Open the Conversion-tab, and name your new conversion.

Next, open up the browser on Source asset, and choose your arr-input -container, under which you should see your model.

After this, for output folder, choose you arr-output -container.

In the end, your settings should look something like this:

If you open advanced options, you can tweak some of the settings. The one you should possibly tweak is uniform scaling, if your model wasn't scaled to the right size. For me, I scaled up the model in Blender, so I'll scale the model back down to it's original size with a scale factor of 0,100.

Now you can hit Start conversion, and wait for your model to convert. Depending on the model, this could take some time. For my model, the conversion took around 5 minutes.

When your model has been converted, you can move to the Rendering-tab and test out how the model works!

Here, first start your session by pressing the Session-button:

Don't touch these settings, but rather just press Start.

Next, you can choose your model from the top of the window:

And here we can find our model! Just press Open and wait 🤯

And as we can see, our model loads just fine. Right now, it's rendered in the cloud and not on your computer!

The model is now rendered in the cloud☁️

When you're done testing, disconnect the session and don't forget to also stop it. This way, the resources don't get left running and you don't run into big bills from Microsoft 😉.

Okay, so we have converted our model and gotten it to run in the cloud. Now, how do we get this to Mesh?

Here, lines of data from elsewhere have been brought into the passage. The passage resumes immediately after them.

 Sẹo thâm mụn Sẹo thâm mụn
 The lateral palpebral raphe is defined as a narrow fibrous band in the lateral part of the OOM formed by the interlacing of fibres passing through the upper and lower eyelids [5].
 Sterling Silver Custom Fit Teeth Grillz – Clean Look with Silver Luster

Well, first you need to enable Azure Remote Rendering in the Mesh Preview App on your HoloLens 2. You can find it in the settings under the Experimental Features-tab

After this, in your OneDrive, under the MyContent-folder in Mesh, you will find a new file called remote-models.json

Open this file, and you'll find it includes only the demo-file and it's URL. You'll need to add your own models SAS-URL here. You can create that URL in the Azure Storage Account, under Storage Explorer, search your file and right-clicking on it.

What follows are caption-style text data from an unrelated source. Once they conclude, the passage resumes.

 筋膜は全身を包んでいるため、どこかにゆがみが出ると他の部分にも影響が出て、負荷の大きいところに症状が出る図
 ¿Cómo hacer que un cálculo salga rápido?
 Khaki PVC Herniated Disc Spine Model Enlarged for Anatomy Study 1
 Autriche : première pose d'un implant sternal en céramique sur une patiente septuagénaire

You can decide the start and expiry times of the key, make sure they are long enough if you mean to use the model in Mesh for a longer period of time. After setting these, create the SAS URL.

Now, copy this URL and head back to the remote-models.json file and add a new object to it like the following picture shows:

You can name your model whatever you want, and then save the file.

Now when you open up Mesh on your HoloLens and navigate to the ARR-section of your models, you should find your new model there!

And that's how you bring content into Mesh via Azure Remote Rendering. In the end, it's quite a simple process that you can finish in about 30 minutes. This way, no model is too complicated to bring into your collaboration environment, and this will be crucial for the future and it's Digital Twin models, which we at Sulava are already working with!